Notes from the field: Norovirus!
From the Centers for Disease Control and Prevention, and now making the CNN front page: notice of a new norovirus strain responsible for multiple outbreaks of gastrointestinal disease throughout the United States from September to December 2012. Norovirus is one of the leading causes of foodborne gastroenteritis, accounting for just about half of the foodborne illnesses reported to the CDC. This is the virus that is colloquially known as “stomach flu,” but it is completely unrelated to influenza virus, which enters the body via the respiratory route. The CDC estimates that roughly 21 million cases of norovirus-related gastroenteritis disease occur annually in the US, resulting in 70,000 hospitalizations and 800 deaths. Close to two thirds of the reported outbreaks occur in long-term care facilities, underscoring the significant problems that this virus raises for health care professionals. Desiree T, a student from the Spring 2012 BIO230 course, pointed out to me that February is National Norovirus Appreciation Month, so this seems as good a time as any to highlight the current outbreak.

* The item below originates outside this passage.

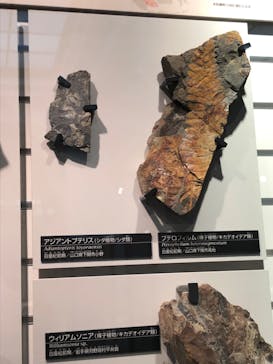 国立科学博物館に投稿された画像（2022/7/29）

An emergent strain of norovirus, designated GII.4 Sydney, was first identified in March 2012 in Australia. Over the next several months, the strain was observed to cause outbreaks worldwide. The CDC began noting case reports in the United States during the late summer and fall of 2012, and charted the origin of the reported outbreaks. Over 50% of the reported norovirus outbreaks during this period were due to GII.4 Sydney, and over half of those cases were due to direct person-to-person transmission. The CDC found that 61% of the cases were associated with long-term health care facilities, and restaurants were the second highest associated location, accounting for 19% of the cases.
The CDC notes that peak norovirus season is typically in late winter; consequently continued surveillance is necessary to determine the scope of the current outbreak. Point of contact hand antisepsis, environmental disinfection, and patient isolation continue to be the primary ways to prevent further transmission.